Cyber Crime Cases and Confusion Matrix

What is a Confusion Matrix?

A Confusion matrix is the comparison summary of the predicted results and the actual results in any classification problem use case. The comparison summary is extremely necessary to determine the performance of the model after it is trained with some training data.

  • Negative(N): the predicted result is Negative (Example: Images is not a cat)
  • True Positive(TP): Here TP basically indicates the predicted and the actual values is 1(True)
  • True Negative(TN): Here TN indicates the predicted and the actual value is 0(False)

Accuracy and Components of Confusion Matrix

After the confusion matrix is created and we determine all the components values, it becomes quite easy for us to calculate the accuracy. So, let us have a look at the components to understand this better.

An Overview of False Positives and False Negatives

Understanding the differences between false positives and false negatives, and how they’re related to cybersecurity is important for anyone working in information security. Why? Investigating false positives is a waste of time as well as resources and distracts your team from focusing on real cyber incidents (alerts) originating from your SIEM.

What Are False Positives?

False positives are mislabeled security alerts, indicating there is a threat when in actuality, there isn’t. These false/non-malicious alerts (SIEM events) increase noise for already over-worked security teams and can include software bugs, poorly written software, or unrecognized network traffic.

What Are False Negatives?

False negatives are uncaught cyber threats — overlooked by security tooling because they’re dormant, highly sophisticated (i.e. file-less or capable of lateral movement) or the security infrastructure in place lacks the technological ability to detect these attacks.

Strengthening Your Cybersecurity Posture

The existence of both false positives and false negatives begs the question: Does your cybersecurity strategy include proactive measures? Most security programs rely on preventative and reactive components — — establishing strong defenses against the attacks those tools know exist. On the other hand, proactive security measures include implementing incident response policies and procedures and proactively hunting for hidden/unknown attacks.

Here are a few simple rules to help govern your approach to cybersecurity with a preventative, reactive, and proactive mindset:

  • Assume you’re breached and begin your offensive (proactive) initiatives with the goal of finding those breaches. By doing so, you’ll seek to validate the strength of your defensive/prevention tools with the understanding that none of them are 100% effective.
  • Use asset discovery tools to discover the hosts, systems, servers, and applications within your network environment, because you can’t protect what you don’t know exists.
  • Execute regular compromise assessments (we recommend at least once a week) and inspect every asset residing on your network.
  • Define security policies and procedures, and implement educational/training requirements so your entire team knows what to do in the event you discover a hidden breach, or worse, fall victim to a data breach.
  • Time is your most valuable asset, so implementing tools/technology to speed your speed of detection and time to respond are key and can help your security team prevent a data breach.

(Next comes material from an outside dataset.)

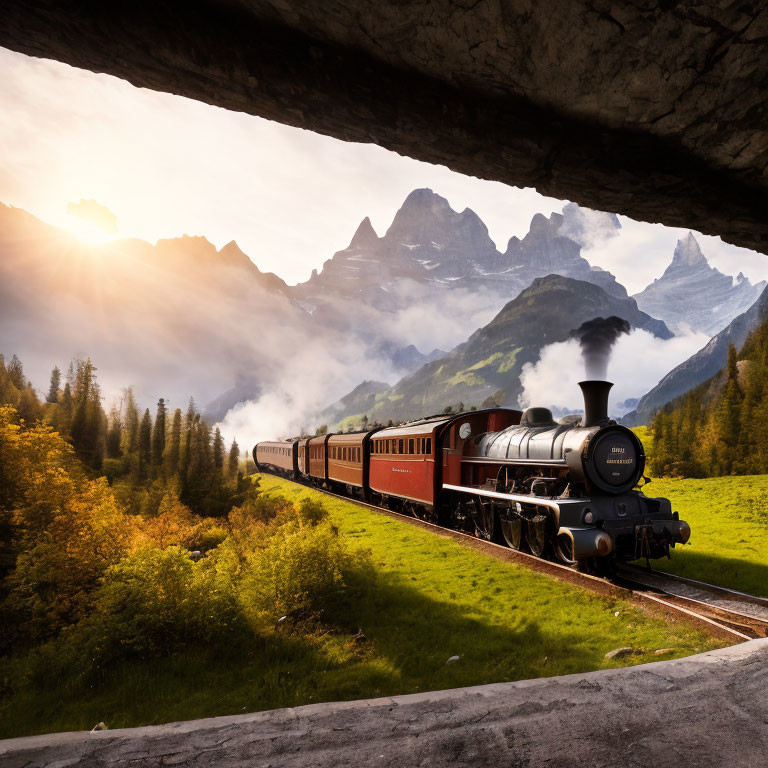 Vintage train emerges from tunnel into misty valley with mountains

Steps to Improve Forensic Analytics

Forensic analytics — the combination of advanced analytics, forensic accounting and investigative techniques — is making breakthroughs every day in identifying rare events of fraud, corruption and other schemes. To meet rising regulatory and customer demand for fraud mitigation, forensic analytics can reveal signals of emerging risks months — or sometimes even years — before they happen. Of course, predicting anomalous events can also create false positives.

  1. Employ network mapping and analysis — Explore fraudsters’ networks, affinities and relationships, as well as others committing similar illicit acts.
  2. Leverage both supervised and unsupervised modeling — Supervised modeling employs algorithms to sift through data, applying historical fraud patterns and digital fingerprints of fraudsters to new data and scoring the level of risk involved in new events based on historical data. Unsupervised modeling uses algorithms to sift through data independent of patterns relating to known historical cases, looking for new events following unprecedented patterns.
  3. Use natural language processing (NLP) — Sift through unstructured data, including emails, messaging, audio and video files to unearth unexpected nuance to communication or connections otherwise unclear in structured, text-only data. For example, the ability of NLP to analyze word choice, tone and possible stress levels expressed in a voicemail can sometimes offer more insight during investigations than text on page alone could offer.
  4. Training and self-learning — Train analytics to learn from a variety of data sources, such as risk issues the organization has confronted in the past. The corresponding models can adapt over time to future risks.
  5. Back testing — Scientifically test forensic analytics performance to evaluate its continued use. Backtesting can help establish confidence that pattern recognition models and algorithms work well and are effective in finding suspicious patterns of interest.
  6. Iterative approach — Iteratively develop, adapt and scale forensic analytics models so they respond to new and evolving fraud patterns. At the same time, develop a broader view of the risks an enterprise may face. This approach enables an organization to build the forensic analytics platform in stages — one step at a time with input and validation from the business stakeholders — while still staying a step ahead of bad actors.